--- INPUT FOR THIS TASK ---
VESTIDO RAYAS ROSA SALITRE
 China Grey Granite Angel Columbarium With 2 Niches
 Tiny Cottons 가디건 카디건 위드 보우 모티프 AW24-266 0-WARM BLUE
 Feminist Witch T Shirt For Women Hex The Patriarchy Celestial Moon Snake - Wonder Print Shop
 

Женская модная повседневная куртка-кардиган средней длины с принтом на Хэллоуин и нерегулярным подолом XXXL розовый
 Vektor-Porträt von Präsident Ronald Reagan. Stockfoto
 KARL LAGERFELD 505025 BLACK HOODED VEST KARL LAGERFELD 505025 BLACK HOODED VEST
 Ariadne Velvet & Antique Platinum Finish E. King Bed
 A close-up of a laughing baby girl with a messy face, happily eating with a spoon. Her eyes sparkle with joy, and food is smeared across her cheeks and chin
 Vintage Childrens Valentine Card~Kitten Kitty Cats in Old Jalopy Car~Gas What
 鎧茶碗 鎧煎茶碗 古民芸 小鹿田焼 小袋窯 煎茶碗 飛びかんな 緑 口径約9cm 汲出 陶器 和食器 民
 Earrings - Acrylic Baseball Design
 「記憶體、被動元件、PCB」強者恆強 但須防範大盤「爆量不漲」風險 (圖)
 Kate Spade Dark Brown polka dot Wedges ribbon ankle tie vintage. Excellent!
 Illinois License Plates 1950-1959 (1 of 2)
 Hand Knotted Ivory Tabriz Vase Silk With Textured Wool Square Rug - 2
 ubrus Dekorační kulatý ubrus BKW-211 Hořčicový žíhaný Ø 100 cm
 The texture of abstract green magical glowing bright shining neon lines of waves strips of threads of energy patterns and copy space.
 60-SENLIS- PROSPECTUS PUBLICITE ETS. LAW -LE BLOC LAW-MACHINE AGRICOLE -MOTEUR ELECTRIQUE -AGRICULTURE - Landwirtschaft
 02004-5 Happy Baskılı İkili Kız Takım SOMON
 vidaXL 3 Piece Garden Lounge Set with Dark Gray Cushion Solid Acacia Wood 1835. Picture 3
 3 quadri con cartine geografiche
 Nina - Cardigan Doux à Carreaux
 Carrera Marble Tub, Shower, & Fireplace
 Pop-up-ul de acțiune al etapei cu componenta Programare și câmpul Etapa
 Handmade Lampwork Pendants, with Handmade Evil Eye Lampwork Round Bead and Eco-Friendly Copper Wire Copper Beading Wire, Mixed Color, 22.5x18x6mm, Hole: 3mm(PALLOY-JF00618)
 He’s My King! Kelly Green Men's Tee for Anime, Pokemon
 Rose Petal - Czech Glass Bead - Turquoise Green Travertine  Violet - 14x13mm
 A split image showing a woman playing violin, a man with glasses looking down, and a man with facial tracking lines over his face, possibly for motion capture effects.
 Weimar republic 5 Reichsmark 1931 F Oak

--- WORK REQUEST ---
Whenever a line of the entries contains "lines", it counts toward the total; state that total alone.

--- EXERCISE SOLUTION ---
2